Results: Clustering identified 8 disease states with localised inflammation (joints) and systemic inflammation (erythrocyte sedimentation rate [ESR] or leucocytes) as the main discriminating factors. The disease state sequences consisted of 4 trajectories, which we independently replicated in TACERA: A, high ESR; B, rapid progression from many inflamed joints towards remission; C, high leucocytes; and D, many inflamed joints with poor prognosis. Systemic vs local inflammation patterns showed moderate predictability at baseline (sensitivity of 71% and precision of 0.73 for trajectory A, although lower precision of 0.52 for trajectory B), while other trajectories were less predictable. Trajectories C and D had strong resemblance with B at baseline but deteriorated into less favourable trajectories. Patients in trajectory A were more often female and on average older. The trajectories were not explained by time till disease-modifying antirheumatic drug, baseline disease activity, or symptom duration. The suboptimal trajectories coincided with worse patient-reported outcomes, even when the inflammation was mainly systemic.
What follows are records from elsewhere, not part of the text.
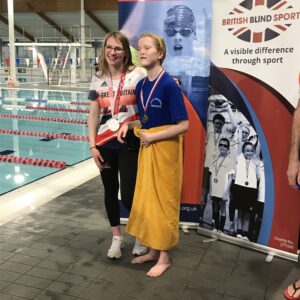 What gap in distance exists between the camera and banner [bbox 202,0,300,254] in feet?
8.17

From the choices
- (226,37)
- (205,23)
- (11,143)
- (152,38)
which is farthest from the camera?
(11,143)

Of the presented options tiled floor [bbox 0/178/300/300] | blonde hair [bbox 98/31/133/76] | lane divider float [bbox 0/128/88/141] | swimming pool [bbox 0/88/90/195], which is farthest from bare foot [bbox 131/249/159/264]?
lane divider float [bbox 0/128/88/141]

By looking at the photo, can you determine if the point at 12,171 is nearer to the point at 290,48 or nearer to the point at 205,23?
the point at 205,23

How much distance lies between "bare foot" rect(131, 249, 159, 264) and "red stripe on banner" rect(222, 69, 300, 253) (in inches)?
31.5

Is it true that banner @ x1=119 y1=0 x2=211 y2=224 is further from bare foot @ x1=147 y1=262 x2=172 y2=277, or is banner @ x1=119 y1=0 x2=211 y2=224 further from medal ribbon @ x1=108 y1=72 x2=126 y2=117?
bare foot @ x1=147 y1=262 x2=172 y2=277

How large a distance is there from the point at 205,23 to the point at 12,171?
11.0 feet

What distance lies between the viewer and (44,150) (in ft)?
20.8

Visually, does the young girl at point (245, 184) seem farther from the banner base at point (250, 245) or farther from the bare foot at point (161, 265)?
the bare foot at point (161, 265)

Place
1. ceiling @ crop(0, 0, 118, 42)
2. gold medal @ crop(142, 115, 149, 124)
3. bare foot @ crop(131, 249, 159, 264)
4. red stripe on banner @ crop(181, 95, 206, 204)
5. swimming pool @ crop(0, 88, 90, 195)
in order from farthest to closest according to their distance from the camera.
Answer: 1. ceiling @ crop(0, 0, 118, 42)
2. swimming pool @ crop(0, 88, 90, 195)
3. red stripe on banner @ crop(181, 95, 206, 204)
4. bare foot @ crop(131, 249, 159, 264)
5. gold medal @ crop(142, 115, 149, 124)

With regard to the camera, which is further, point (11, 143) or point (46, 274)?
point (11, 143)

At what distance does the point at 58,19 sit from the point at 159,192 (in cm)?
2435

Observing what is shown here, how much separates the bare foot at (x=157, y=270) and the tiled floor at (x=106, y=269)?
34mm

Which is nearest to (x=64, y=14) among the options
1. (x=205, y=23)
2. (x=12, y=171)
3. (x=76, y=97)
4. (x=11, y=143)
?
(x=76, y=97)

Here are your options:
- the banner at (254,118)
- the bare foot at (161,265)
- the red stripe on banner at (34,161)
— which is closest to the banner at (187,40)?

Conclusions: We identified 4 distinct trajectories in early RA, differentiating RA into localised vs systemic inflammation. Our results highlight potential differences in disease pathology and opportunities for further targeted treatment. Inevitably, patterns without linkage to our selected features could not be detected.
目的:类风湿关节炎(RA)患者表现出不同的疾病改善轨迹。我们的目的是利用基于图的伪时间分析,从第一次临床就诊开始,解开RA疾病轨迹的异质性。方法:我们在2个数据集中研究了超过1.5年的早期RA患者:莱顿(荷兰),n = 1237, 5017次就诊,以及Towards a Cure for early Rheumatoid Arthritis (TACERA)(英国),n = 243, 750次就诊。我们创建了一个管道,用于临床和血液学特征的时间无关聚类,以确定疾病状态。这些状态的序列分析定义了轨迹。我们研究了具有基线特征的轨迹的可预测性。结果:聚类鉴定出8种疾病状态,以局部炎症(关节)和全身性炎症(红细胞沉降率[ESR]或白细胞)为主要判别因素。疾病状态序列包括4个轨迹,我们在TACERA中独立复制:A,高ESR;B,从许多发炎关节迅速进展到缓解;C,高白细胞;D,许多关节发炎,预后不良。全身性与局部炎症模式在基线时显示出中度可预测性(轨迹A的敏感性为71%,精度为0.73,轨迹B的精度较低,为0.52),而其他轨迹的可预测性较低。轨迹C和D在基线时与B非常相似,但逐渐恶化为不太有利的轨迹。轨迹A的患者多为女性,平均年龄较大。这些轨迹不能用时间来解释,直到使用改善疾病的抗风湿药物、基线疾病活动或症状持续时间。次优轨迹与患者报告的较差结果相吻合,即使炎症主要是全身性的。结论:我们确定了早期RA的4种不同的轨迹,将RA区分为局部炎症和全身性炎症。我们的结果强调了疾病病理的潜在差异和进一步靶向治疗的机会。不可避免地,与我们选择的特征没有联系的模式无法被检测到。
期刊介绍:
Annals of the Rheumatic Diseases (ARD) is an international peer-reviewed journal covering all aspects of rheumatology, which includes the full spectrum of musculoskeletal conditions, arthritic disease, and connective tissue disorders. ARD publishes basic, clinical, and translational scientific research, including the most important recommendations for the management of various conditions.